Thereafter the veteran baseball trainer became a fixture, and he turned out better conditioned elevens than had been seen at West Point in years, whether in victory or defeat. What Tuthill did for army teams had been done for years at other institutions: by Jack McMasters at Princeton, and more recently by Keene Fitzpatrick, who had a splendid record at Michigan; by Pooch Donovan at Harvard; by Mike Murphy at Yale, and subsequently at Pennsylvania; by Johnny Mack at Yale, and by Jack Moakley at Cornell. It is true that all these men, save Tuthill, were primarily track and field coaches and trainers, but they soon applied their store of wisdom successfully to football, with the result that to-day, on the eve of a big game, no prognostication of the outcome that does not include a consideration of condition is worth the paper on which it is printed.
To those who do not delve very deeply into football, however, the trainer has always seemed to be of no very great importance. They see him on the field at many a halt in the course of the big game, swabbing off his charges with a huge sponge, bandaging broken heads, patching up hands, arms and ankles, especially ankles. But of all the hard work of the early season there is little evidence save to the tutored eye.
Yet the trainer is to-day one of the most important cogs in the football machine. The outsider would be surprised to learn the extent to which he is consulted on the most important details of the game. It has been said of Mike Murphy, for instance, that he knew as much about the game as the best of the coaches. He had ideas of his own, too, and they were generally good ones. While at Yale he was a better prophet of the result of the Harvard-Yale game than any one else at New Haven, and picked the score with frequency and surprising approach to absolute accuracy. Murphy's reputation, so far as the general public was concerned, rested largely on his work with the track and field teams, but men who followed football closely esteemed him quite as much for his efforts in the football season. Keene Fitzpatrick made a similar football reputation at Michigan, and Pooch Donovan has long been thoroughly appreciated at Harvard. The men mentioned stand at the top of the heap, but the country is full of good men who are gaining in experience every day and will reach the top when the Veterans settle back to enjoy their laurels.
Now aside from his regular duties in conditioning the team, in apportioning the time each man or set of men ought to be allowed to work in practice, and in bandaging, devising defensive armor and the like, the trainer is of the utmost value to the coach in that he is in touch with the team after it has passed from under the eye of the coach. Both coach and trainer are presumably experts in judging men and their moods, but the trainer sees his charges at their worst as well as their best. They are turned over to him after a hard day's practice, frequently tired and worn, and perhaps discouraged to the last degree. Once back in the gymnasium they are apt to relax mentally as well as physically, sometimes almost to the point of breakdown.

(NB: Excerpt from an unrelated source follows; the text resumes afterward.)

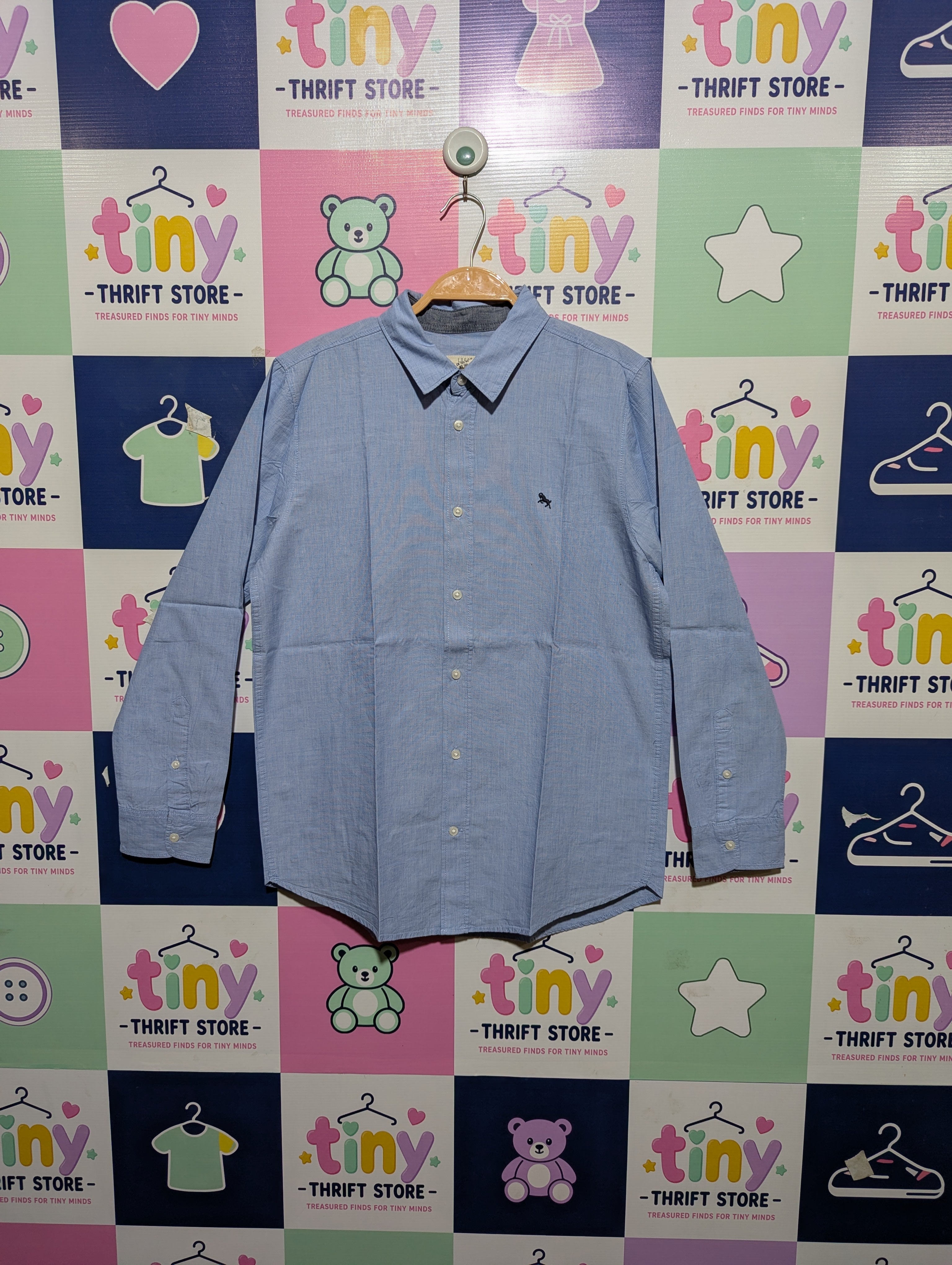 L.O.G.G. Label of Graded Goods Boys Light Blue Long Sleeve Button-Down Shirt - Size Estimated Age 13-14 Years AB1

It is in such circumstances that the "yellow streak" is often apt to show, that flinch that is often so well concealed on the field up to the day of the big game. Under the same conditions pluck,too, comes to the surface, and the trainer has a chance to find out why a certain candidate had an off day. It may have been that the young fellow concealed his hurt from the coach fearing that it would spoil his chance of making the eleven. He cannot, however, conceal it from the trainer, who promptly orders him on the hospital list and tells the coach what the trouble has been. A report also goes in concerning the over-tender apparent star who whines about his bruises and demands all the trainer's time while men more sorely in need of attention never raise a whimper.